Imagine a very, very large corn field. Think about a field the size of a large city, or perhaps a factor of ten bigger than that. Now consider how you would harvest the ripe corn in that field.
Plan A: Get a single harvesting machine and start methodically chewing through the corn, strip by strip.
Plan B: Get many, many harvesting machines and get them methodically chewing through strips of corn in parallel with each other.
Plan A, I think you will agree, demonstrates about as much higher order intelligence as a single ear of corn in that field. Plan B is obviously the way to go. Why? Because from a harvesting point of view, one strip of corn in one part of the field, is utterly unrelated to any another. Thus the harvesting can happen in parallel.
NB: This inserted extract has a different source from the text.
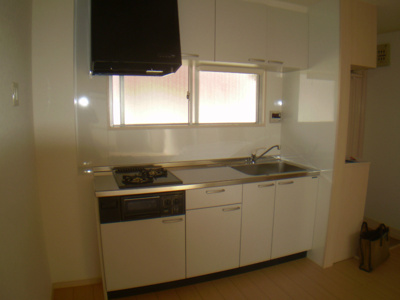 【キッチン】 | コーポ光和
Blindingly obvious right?
Parallelizing the work has other benefits apart from throughput. We can use cheap and cheerful machines to do the work rather than a very expensive uber-machine. Who cares if the individual cheap machines break down? We just replace the ones that fail and forge on. The chances of corn production stopping completely because of hardware failure are basically infinitesimally small. What are the chances of hundreds, perhaps thousands of independent machines all failing at the same time? Effectively zero.
In IT terminology, the harvesting system exhibits high availability, fault tolerance and a linear scaling relationship between throughput and processing power. Nice.
Now lets switch from corn to, say, customers in our reveries. Imagine a very large set of customers. We need to look at what they have bought from us in the last month and generate invoices, one for each customer.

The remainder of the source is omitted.